İşte bu temsil gibi, her vakit gördüğümüz ecel darağacının arkasında, mukadderat-ı nev-i beşer piyangosundan ehl-i iman ve tâat için—hüsn-ü hâtime şartıyla—ebedî ve tükenmez bir hazinenin bileti çıkacağını yüzde yüz ihtimalle; sefahet ve haram ve itikatsızlık ve fıskta devam edenler—tevbe etmemek şartıyla—ya idam-ı ebedî (âhirete inanmayanlara) veya daimî ve karanlık haps-i münferit (bekà-i ruha inanan ve sefahette gidenlere) ve şekavet-i ebediye ilâmını alacaklarını yüzde doksan dokuz ihtimalle kat'î haber veren, başta ellerinde nişane-i tasdik olan hadsiz mu'cizeler bulunan yüz yirmi dört bin peygamberler1 ve onların verdikleri haberlerin izlerini ve sinemada gibi gölgelerini, keşfle, zevk ile görüp tasdik ederek imza basan yüz yirmi dört milyondan ziyade evliyalar (kaddesallahü esrârehüm) ve o iki kısım meşâhir-i insaniyenin haberlerini aklen kat'î burhanlarla ve kuvvetli hüccetlerle, fikren ve mantıkan yakînî bir sûrette ispat ederek tasdik edip imza basan milyarlar gelen geçen muhakkikler, HAŞİYE-1 müçtehidler ve sıddîkînler, bil'icmâ, mütevatiren nev-i insanın güneşleri, kamerleri, yıldızları olan bu üç cemaat-i azîme ve bu üç taife-i ehl-i hakikat ve beşerin kudsî kumandanları olan bu üç büyük ve âlî heyetlerin fermanlarıyla verdikleri haberleri dinlemeyen, ve saadet-i ebediyeye giden onların gösterdikleri yol olan sırat-ı müstakimde gitmeyenler, yüzde doksan dokuz dehşetli tehlike ihtimalini nazara almayan ve birtek muhbirin bir yolda tehlike var demesiyle o yolu bırakan, başka uzun yolda hareket eden bir adam, elbette ve elbette vaziyeti şudur ki:
İki yolun—hadsiz muhbirlerin kat'î ihbarları ile—en kısa ve kolayı ve yüzde yüz Cennet ve saadet-i ebediyeyi kazandıranı bırakıp en dağdağalı ve uzun ve sıkıntılı ve yüzde doksan dokuz Cehennem hapsini ve şekavet-i daimeyi netice veren yolunu ihtiyar ettiği halde, dünyada iki yolun, birtek muhbirin yalan olabilir haberiyle yüzde birtek ihtimal-i tehlike ve bir ay hapis imkânı bulunan kısa yolu bırakıp, menfaatsiz—yalnız zararsız olduğu için—uzun yolu ihtiyar eden bedbaht, sarhoş divaneler gibi, dehşetli ve uzakta görünen ve ona musallat olan ejderhalara ehemmiyet vermez, sineklerle uğraşıyor, yalnız onlara ehemmiyet verir derecede aklını, kalbini, ruhunu, insaniyetini kaybetmiş oluyor.

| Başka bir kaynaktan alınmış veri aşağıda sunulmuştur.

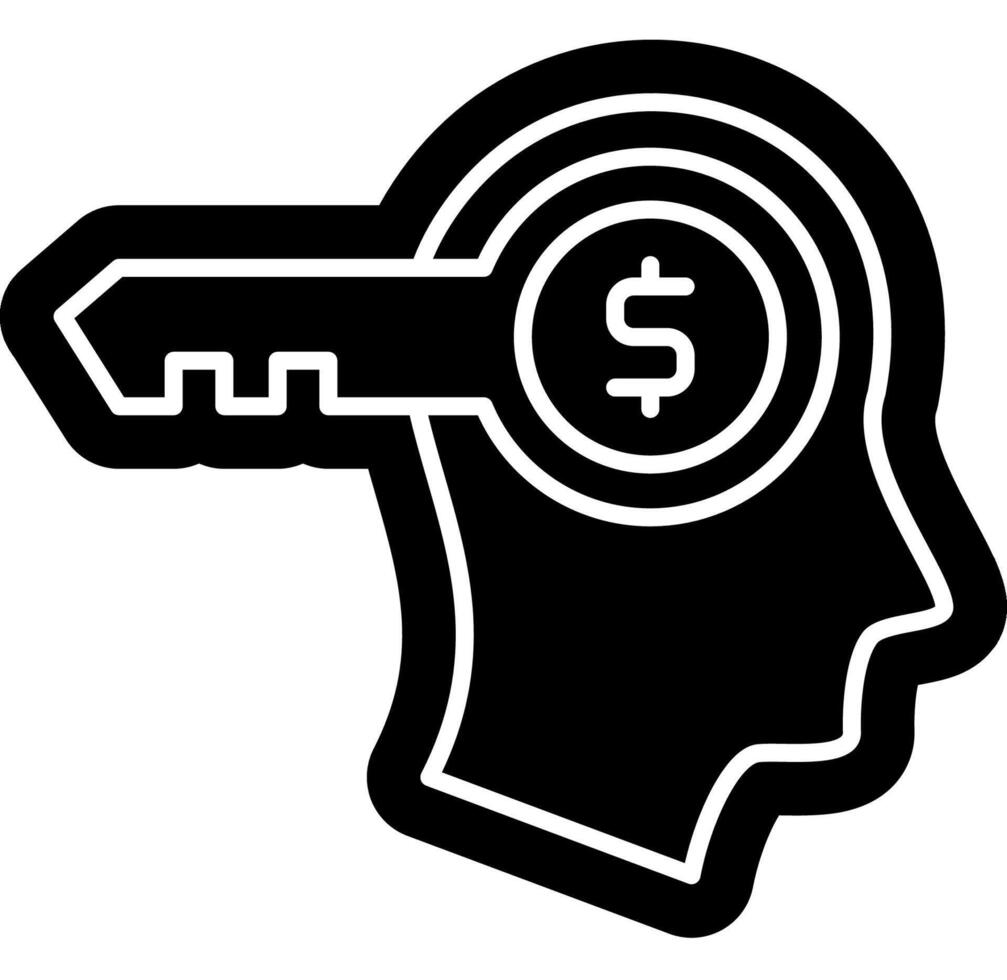 Financial planner symbol vector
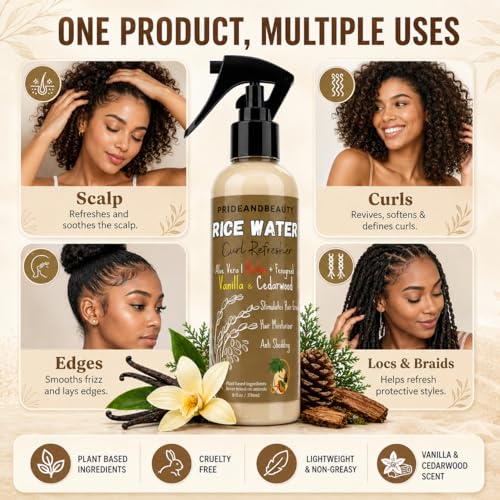Fermented Rice Water Hair Growth Spray with Biotin & Rosemary - 4 oz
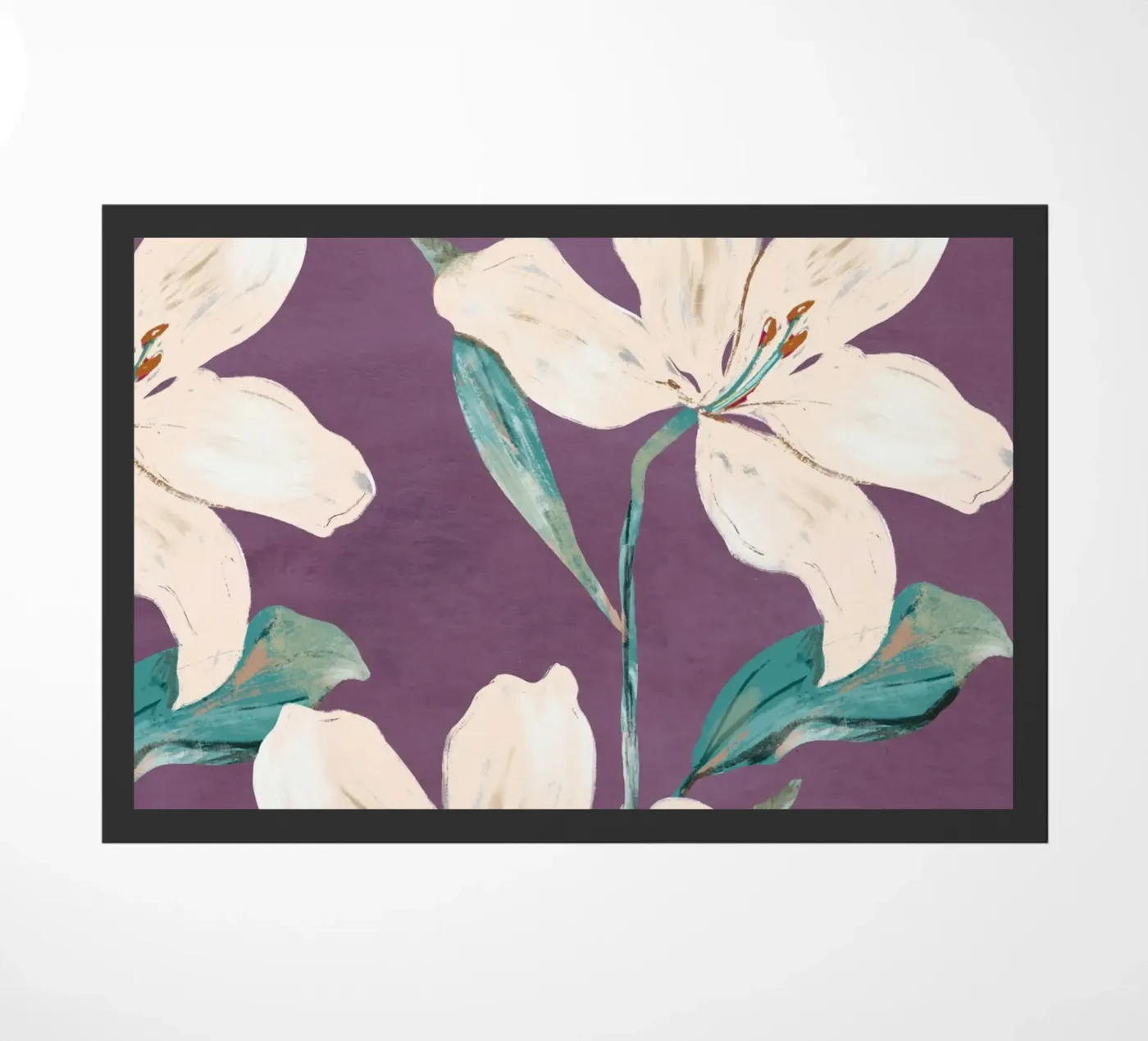Spring Flowers 5 doormat by ThingDesign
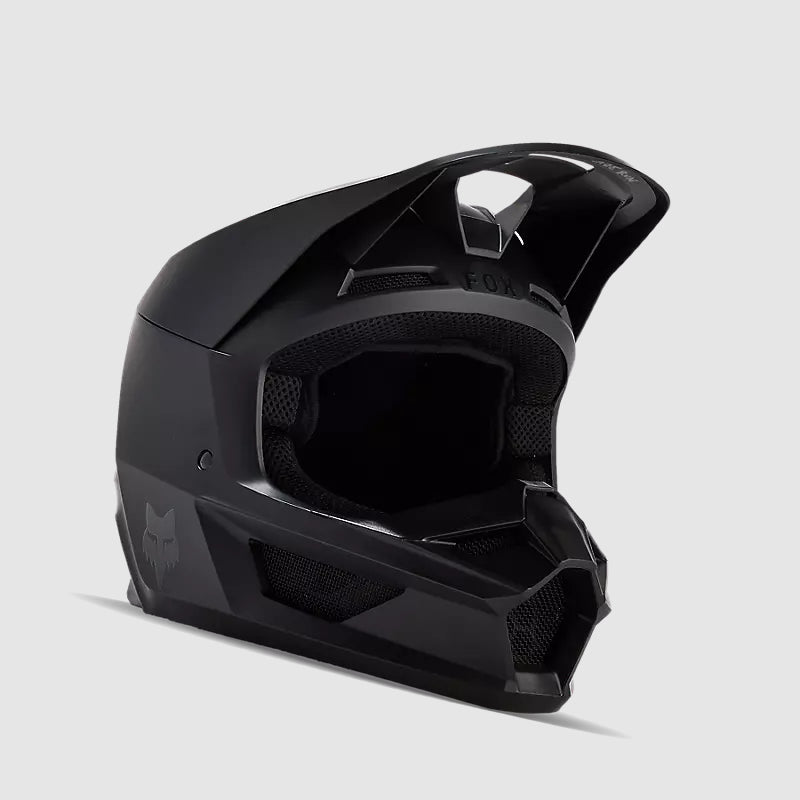 Casco Moto V Core Negro Matte Fox - Rideshop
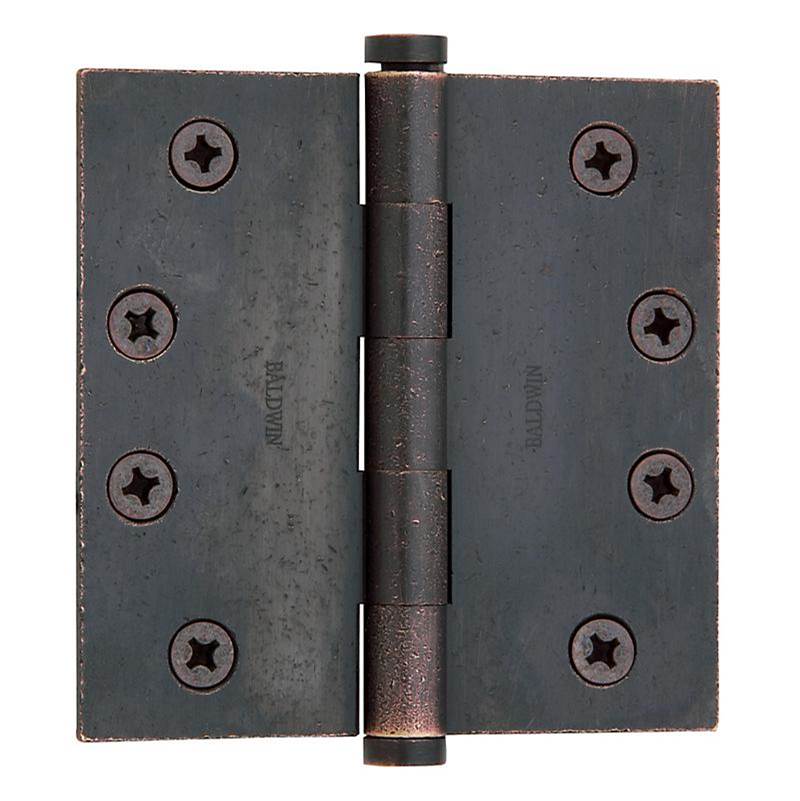 Baldwin - 1040 HINGE 4X4 NON-REM - Distressed Oil-Rubbed Bronze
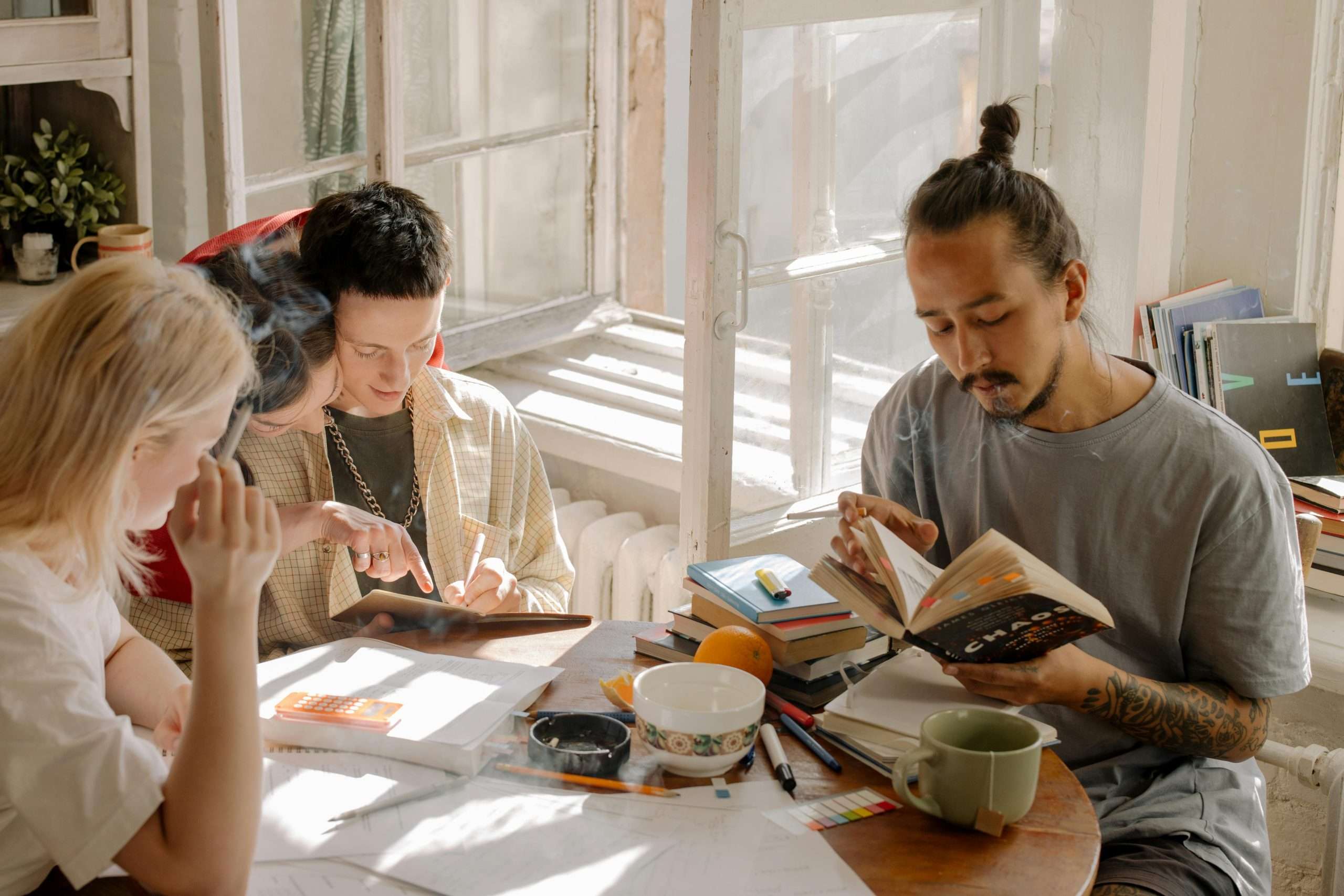 writing group reading together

Madem hakikat-i hal budur. Biz mahpuslar, bu hapis musibetinden intikamımızı tam almak için, o mübarek ikinci heyetin hediyelerini kabul etmeliyiz. Yani, nasıl ki bir dakika intikam lezzeti ve birkaç dakika veya bir iki saat sefahet lezzetleriyle, bu musibet bizi on beş ve beş ve on ve iki üç sene bu hapse soktu, dünyamızı bize zindan eyledi; biz dahi bu musibetin rağmına ve inadına, bir iki saat müddet-i hapsi bir iki gün ibadete ve iki üç sene cezamızı, mübarek kàfilenin hediyeleriyle yirmi otuz sene bâki bir ömre ve on ve yirmi sene hapiste cezamızı milyonlar sene Cehennem hapsinden affımıza vesile edip, fâni dünyamızın ağlamasına mukàbil, bâki hayatımızı güldürerek bu musibetten tam intikamımızı almalıyız. Hapishaneyi terbiyehane gösterip, vatanımıza ve milletimize birer terbiyeli, emniyetli, menfaatli adam olmaya çalışmalıyız. Ve hapishane memurları ve müdürleri ve müdebbirleri dahi, câni ve eşkiya ve serseri ve katil ve sefahetçi ve vatana muzır zannettikleri adamları, bir mübarek dershanede çalışan talebeler görsünler ve müftehirâne Allah'a şükretsinler.